Letters of Rainer Maria Rilke

$3.50 Jane B. Greene and M. D. Herter NortonNORTON
THE career of Rainer Maria Rilke, one of modern Germany’s foremost lyric poets, was at once a struggle and a mission, as his letters testify. The letters in this volume, which supplements the already published Letters to a Young Poet and Wartime Letters, run from 1892 to 1910 and take the writer from his seventeenth to his thirty-fifth year. They are addressed to his wife Clara and to many friends, including the sculptor Auguste Rodin, whose imperturbable creative absorption Rilke strove to emulate.

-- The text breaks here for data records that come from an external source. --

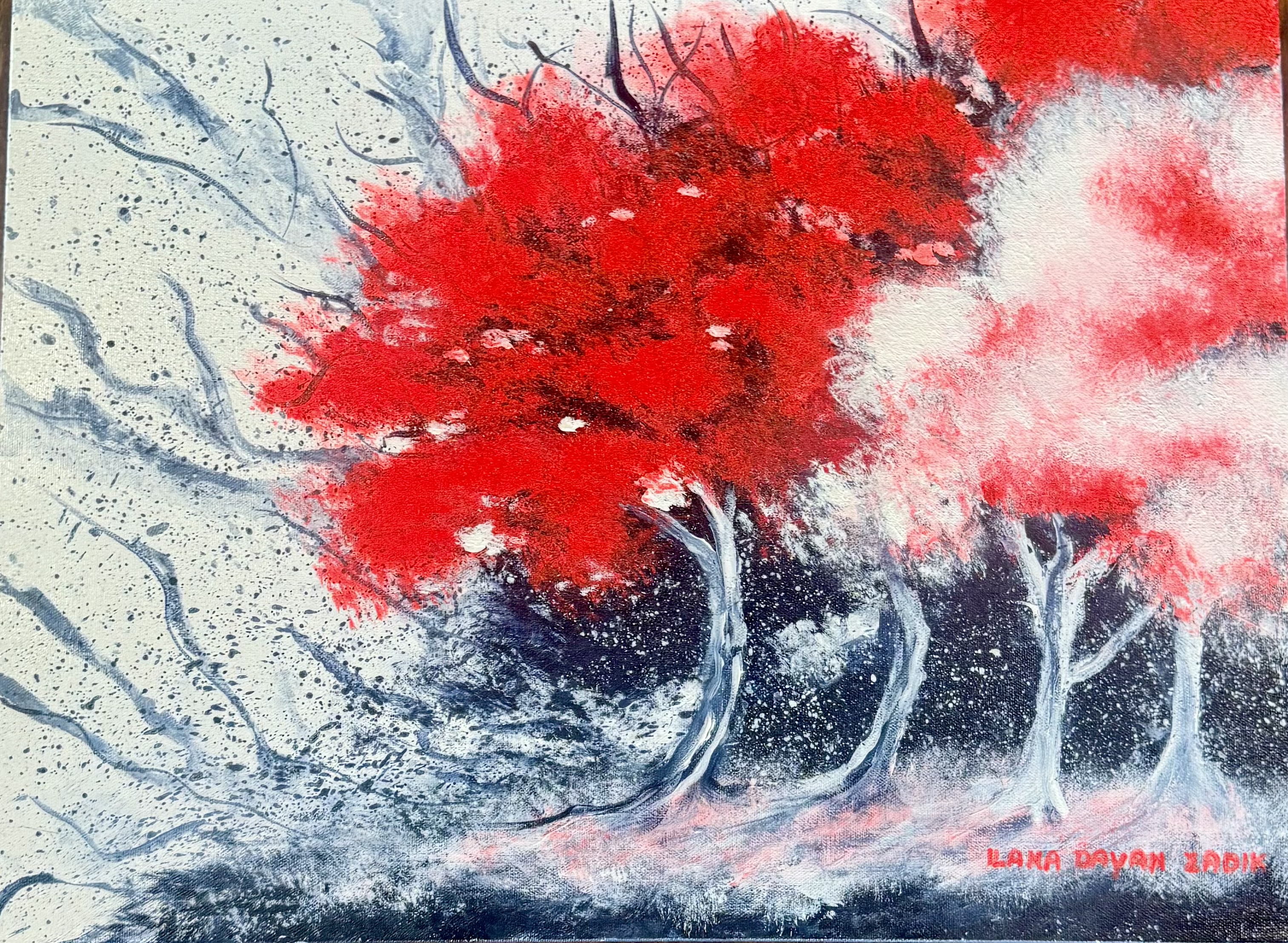 Acrylic Red Dream Forest Painting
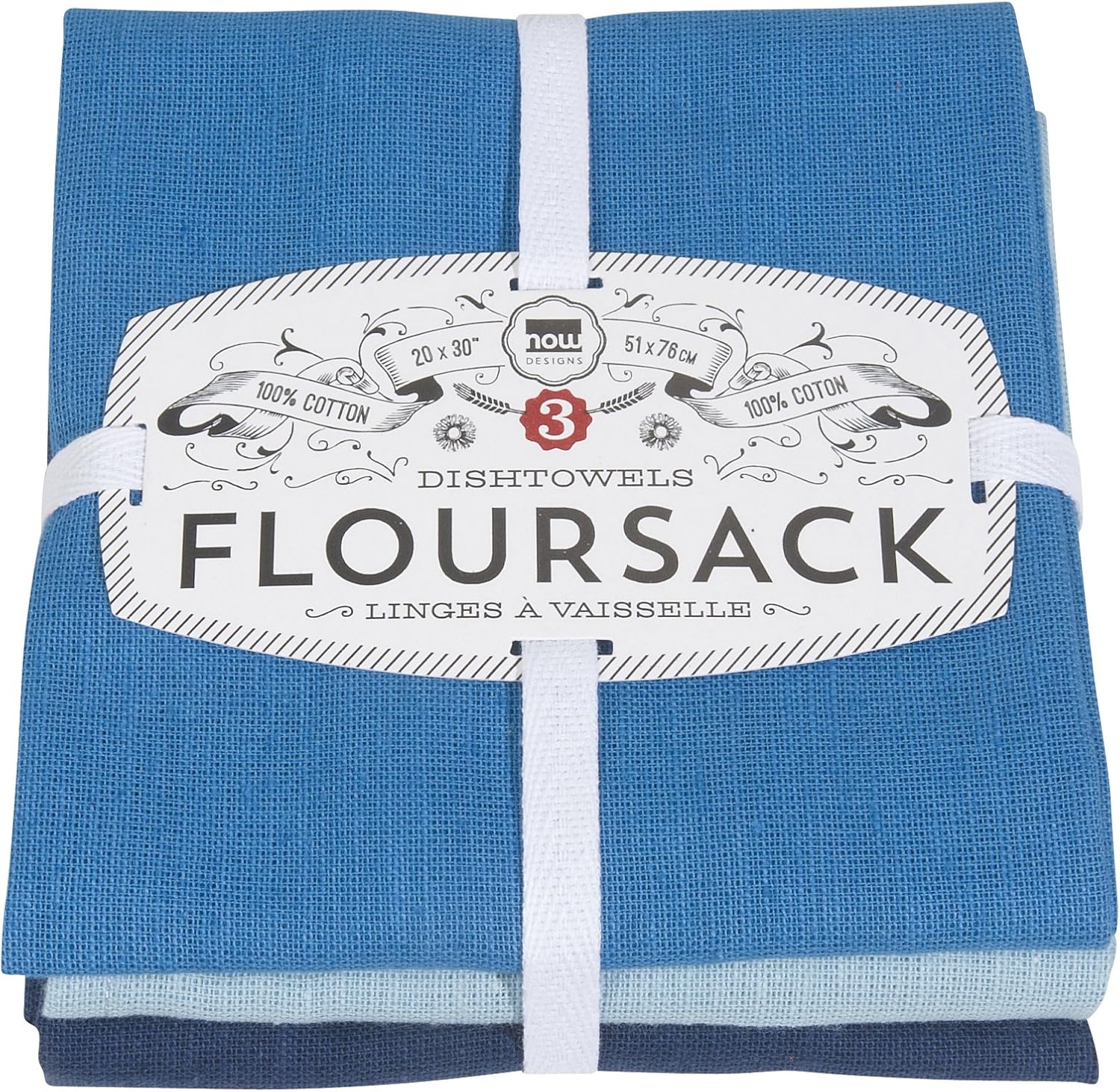 Now Designs Floursack Kitchen Dish Towels Moon/Cool Blue/Indigo 20 x 30in, Set of 3, 1 ea, (911421aa)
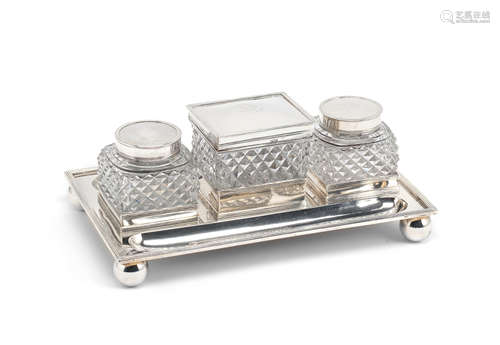 A George IV silver inkstand Emes & Barnard, London 1823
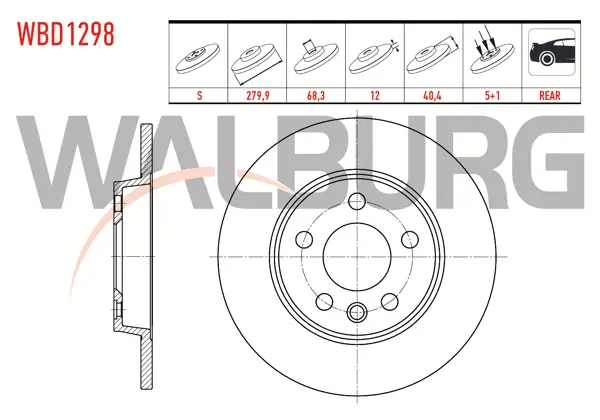 Fren Diski Arka Düz 5 Bjn 279,9X12x68,3X40,4 Volkswagen Transporter IV 1.9 TD 1990-2003 / Transporter IV 2.4 D 1990-2003 / Transporter IV 2.5 TDI 1990-2003 / Transporter IV 2.5 D 1990-2003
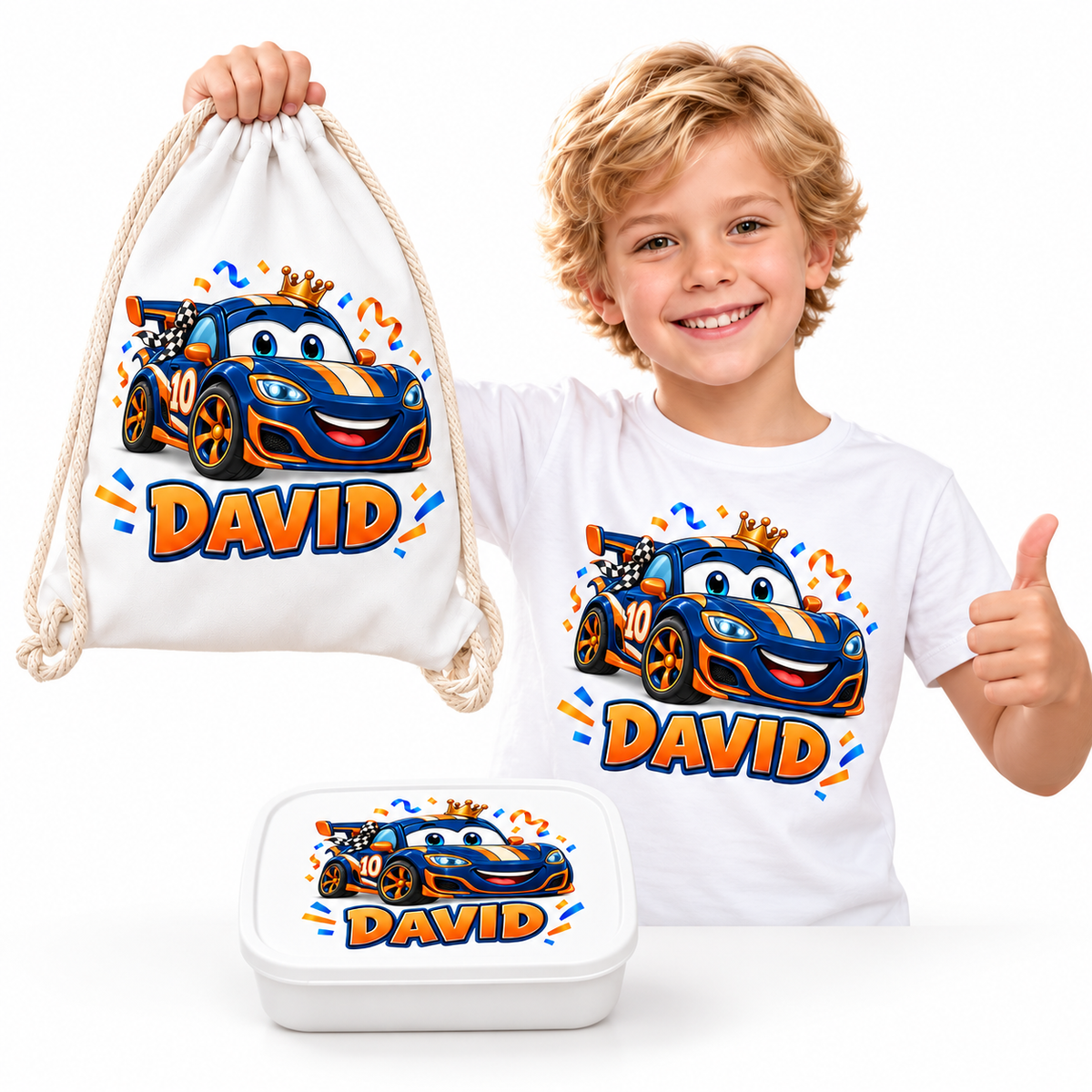 Set școlar Aventura de Raliu personalizat – copil, tricou, săculeț și caserolă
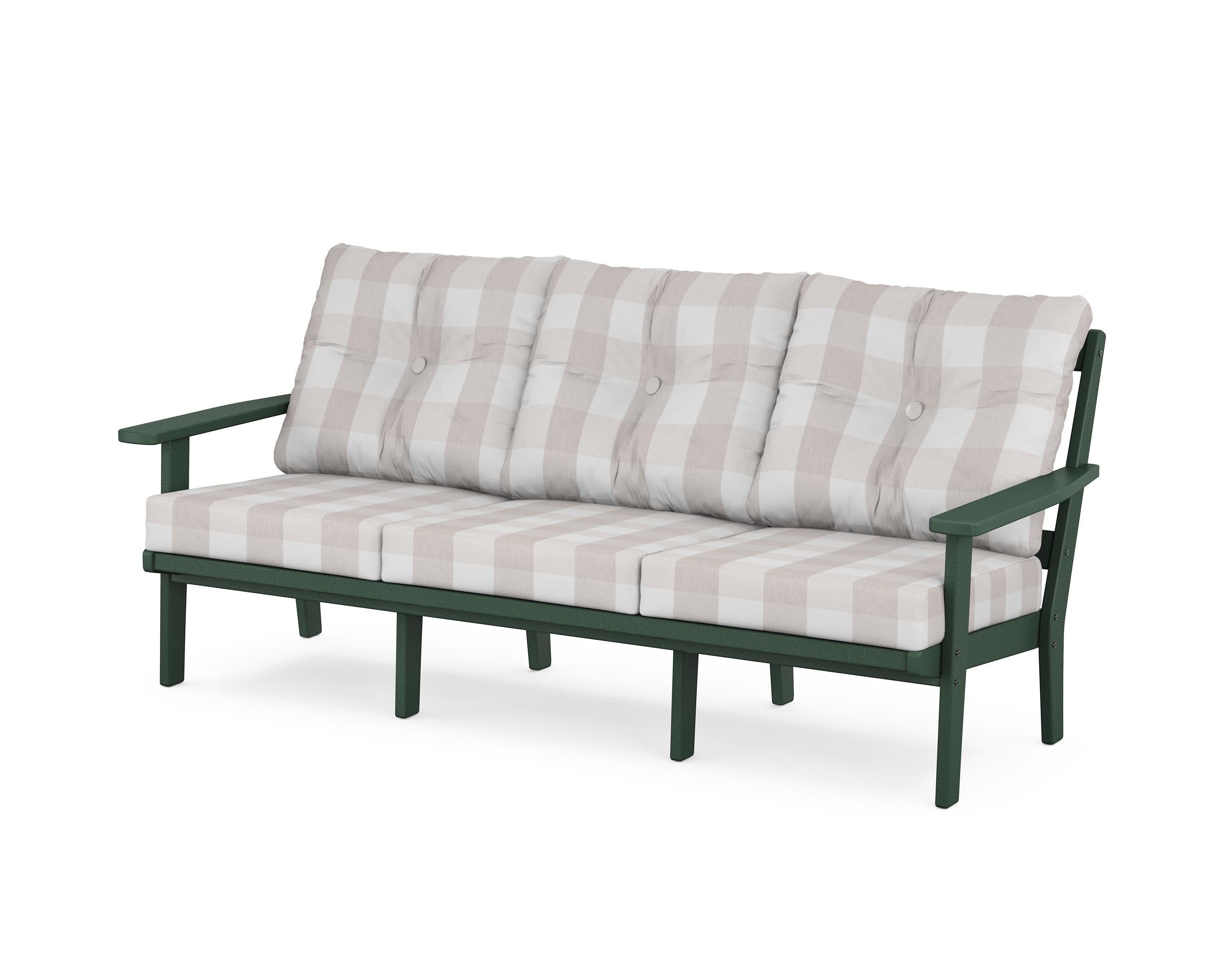 Oxford Deep Seating Sofa in Green / Buffalo Plaid Dune Burlap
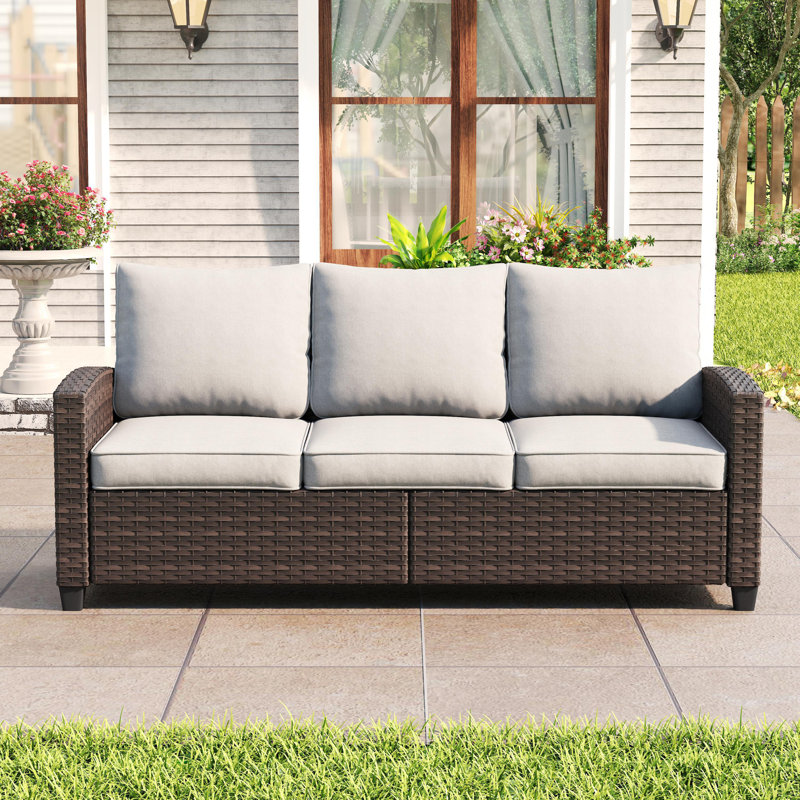 3-seater Patio Wicker Sofa Chairs with Cushions, Sand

Separated from his wife and baby daughter by the poverty that prevented even the purchase of copies of his own published poems, Rilke became a pilgrim; he roved from the artists’ colony at Worpswede to Paris, to Rome, where the Italian spring made him long for the subtler northern climate, and so onward, seeking and seldom finding the place and mood wherein to create through his poems “that being, which only the deepest art is able to produce in deep hours, . . . that one thing which is not chance, that moment of eternity about which everything we think and do circles like birds about clock towers. . . .
His letters, in this edition finely translated and expertly annotated, are a record of his quest; they foreshadow and illumine his poetry. Yet a reader need not know Rilke’s poems to enjoy and to value the letters for their eloquence, their universal application, and their narrative.